Steam turbines have existed for over 90 years. They are devices that extract thermal energy from the steam and convert it to mechanical work in one or more stages. A steam turbine is usually connected to a drive, most often through a gearbox.
The steam temperature can reach 560°C, and the pressure ranges from 130 to 240 atm. Enhancing efficiency by increasing steam temperature and pressure is a fundamental factor in improving steam turbines. However, high temperatures and pressures increase the requirements for turbine lubricants. Initially, turbine oils were made without additives and did not meet these requirements. Therefore, additives have been used in steam turbines for about 50 years. These turbine oils contain oxidation inhibitors and anticorrosive agents and, subject to certain specific regulations, provide high reliability. Modern turbine oils also contain small amounts of extreme pressure and antiwear additives to protect the lubricated components from wear.

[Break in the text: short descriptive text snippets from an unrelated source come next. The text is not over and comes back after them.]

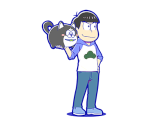 Karamatsu (Dog Matsu)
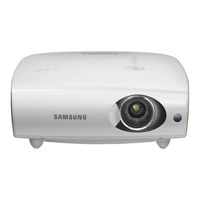 Samsung SP-L331 Manuel D'utilisation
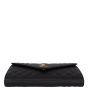 Saint Laurent Monogram Mix Matelasse Envelope Wallet on Chain Base
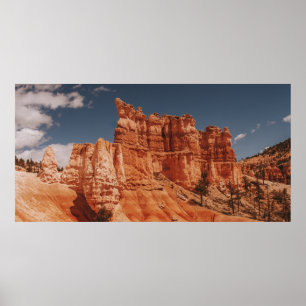 BROWN ROCKS POSTER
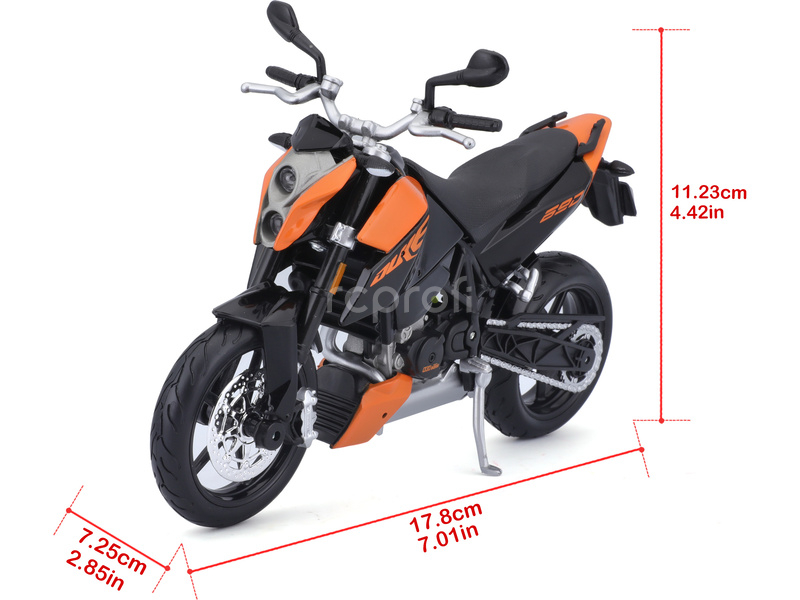 Maisto KTM 690 Duke 3 1:12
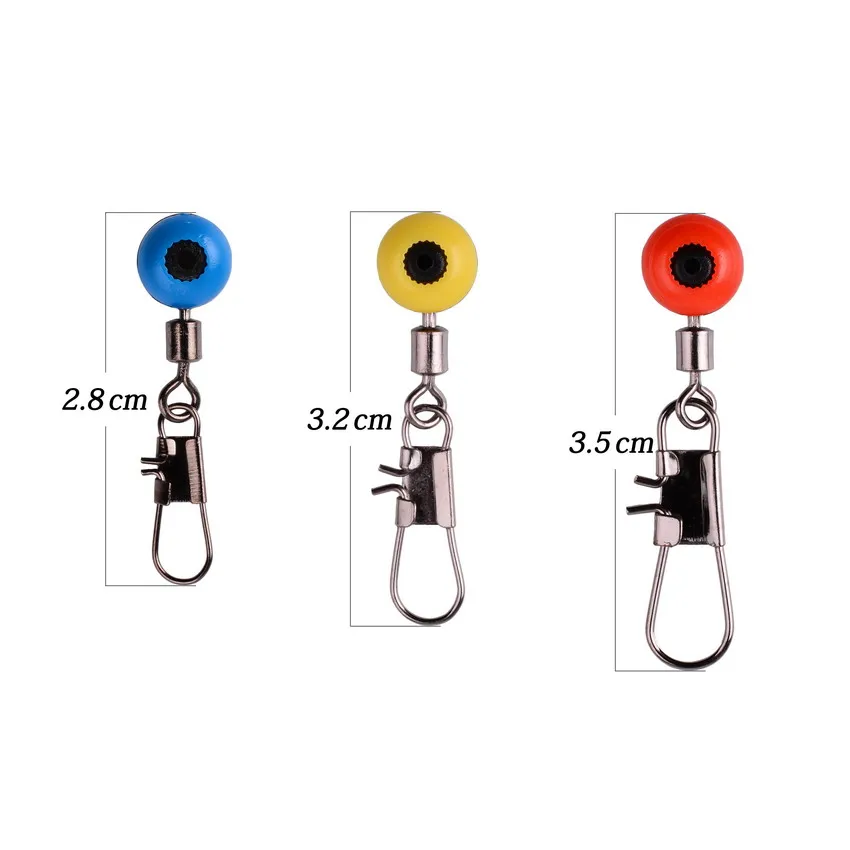20 قطعة خط الصيد هوك يدور عرقو - مراجعة Fishing Equipment On Sale وسعره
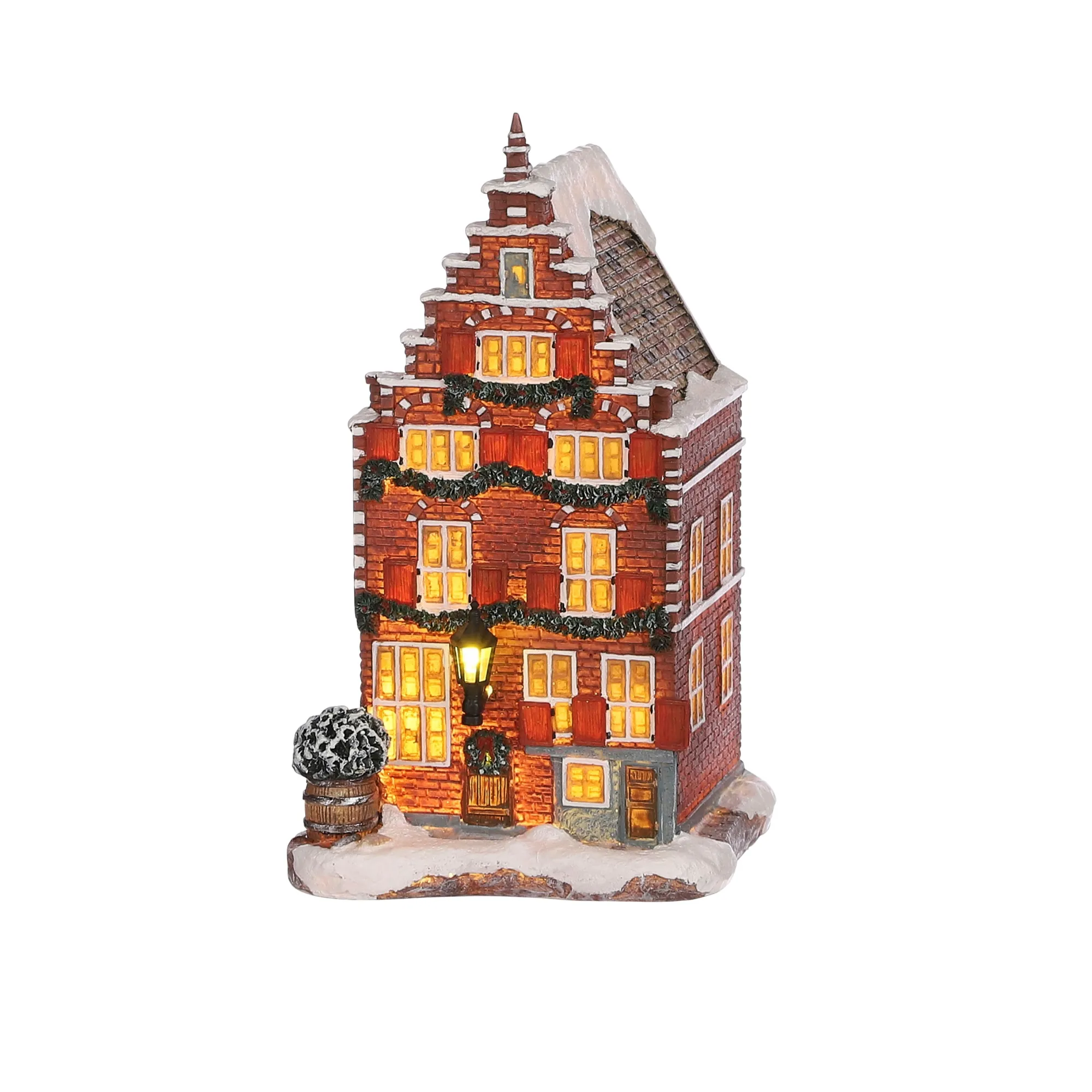 Luville Kerstdorp>Kerstdorp Grachtenpand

Steam turbines are used in power plants to drive electric generators. In conventional power plants, their output capacity is 700-1000 MW, while in nuclear power plants this figure is about 1300 MW.
The requirements for turbine oils are determined by the turbine themselves and the specific conditions of their operation. Oil in the lubrication and control systems of steam and gas turbines must perform the following functions:
- hydrodynamic lubrication of all bearings and gearboxes;
- heat dissipation;
- functional fluid for control and safety contours;
- preventing friction and wear of dedendum in the turbine gearboxes during the shock rhythms of the turbine operation.
Along with these mechanical and dynamic requirements, turbine oils must have the following physicochemical characteristics:
- resistance to ageing during long-term operation;
- hydrolytic stability (especially if additives are used);
- reliable water separation (vapors and release of condensed water);
- fast deaeration - low foaming;
- good filterability and high purity.